対応システム●OS X 10.2.8以上 対応機種●PowerPC 、またはインテルCPUを搭載したMac

【COMMENT】
バックアップソフトは、トラブルが起こるその日まで目立たず休まず裏方に徹することに意味がある。その点でこのソフトは合格だ。


「Indelible II データバックアップ」は、シンプルなインターフェースのバックアップソフト。大事な写真やメールなどのデータを、手軽に外付けドライブやCD/DVDメディア、ネットワークボリュームに保存できる。

Indelible 2
「クイックバックアップ」メニューから、登録したバックアップセットを即座に選べる。標準では2種類だが「新規バックアップ設定」で自分の目的に応じたセットを追加しておくといい

 今バージョンでは、2回目以降のバックアップ時間を短縮する「すぐにスタート」機能を搭載した。

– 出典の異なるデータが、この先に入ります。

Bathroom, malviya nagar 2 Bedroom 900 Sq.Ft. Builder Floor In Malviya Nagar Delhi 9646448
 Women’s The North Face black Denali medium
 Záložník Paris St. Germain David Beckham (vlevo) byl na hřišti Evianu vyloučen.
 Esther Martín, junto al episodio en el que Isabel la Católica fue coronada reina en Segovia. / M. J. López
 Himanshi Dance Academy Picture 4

これはOS X 10.4の「ファイルシステムイベント」を利用して、変更のあったファイルのみを監視し、バックアップ前のスキャン時間を短縮するもの。

Indelible 2
新旧バージョンで容量27GBのホームフォルダーをバックアップすると、2回目で大きく差が出た。前バージョンでは変更ファイルを探すフルスキャンに時間がかかっている

 OS X 10.3以前のマシンでは機能しないのは残念だが、その効果は絶大だ。

 バックアップの方法は、不可視ファイルも対象にしてブート可能なボリュームのコピーもできる「クローン」、過去の状態を残して履歴を管理する「バージョン付きバックアップ」、バックアップ元/先の双方向を最新状態に保つ「同期」から選択可能。バージョンで管理しておけば、「リストア」メニューから任意のバックアップ状態に復元できるため、誤って削除したり、編集・保存してしまったファイルも取り戻せる。

Indelible 2
「バージョン付き」を選ぶと更新されたファイルの既存バックアップを削除せず不可視領域に退避し、古いバージョンも同時に保存するので過去の状態に復元できる。保存するバージョン数に制限はなく、「プレファレンス」メニューの「バックアップ」タブで保存する数の上限を任意に指定可能

「プレファレンス」メニューの「フル/差分オプションを利用可能にする」をオンにすると、フルバックアップ/差分バックアップといった方法も選べる。

 オプションで細かくバックアップのソースやルールをカスタマイズできるが、画面がやや難解で説明が少なく中・上級者向き。とはいえ、定期的にバックアップするためのスケジュール機能や、ハードディスク接続時といったイベント発生時にバックアップを開始する機能など、使い込むほどにユーザーの細かな希望に応えた柔軟な運用が可能だ。

Indelible 2
スケジュール機能では曜日や日時による指定のほか、発生したイベントに応じてバックアップを実行できる。電源オフの状態からでもバックアップは作動する

(次ページに続く)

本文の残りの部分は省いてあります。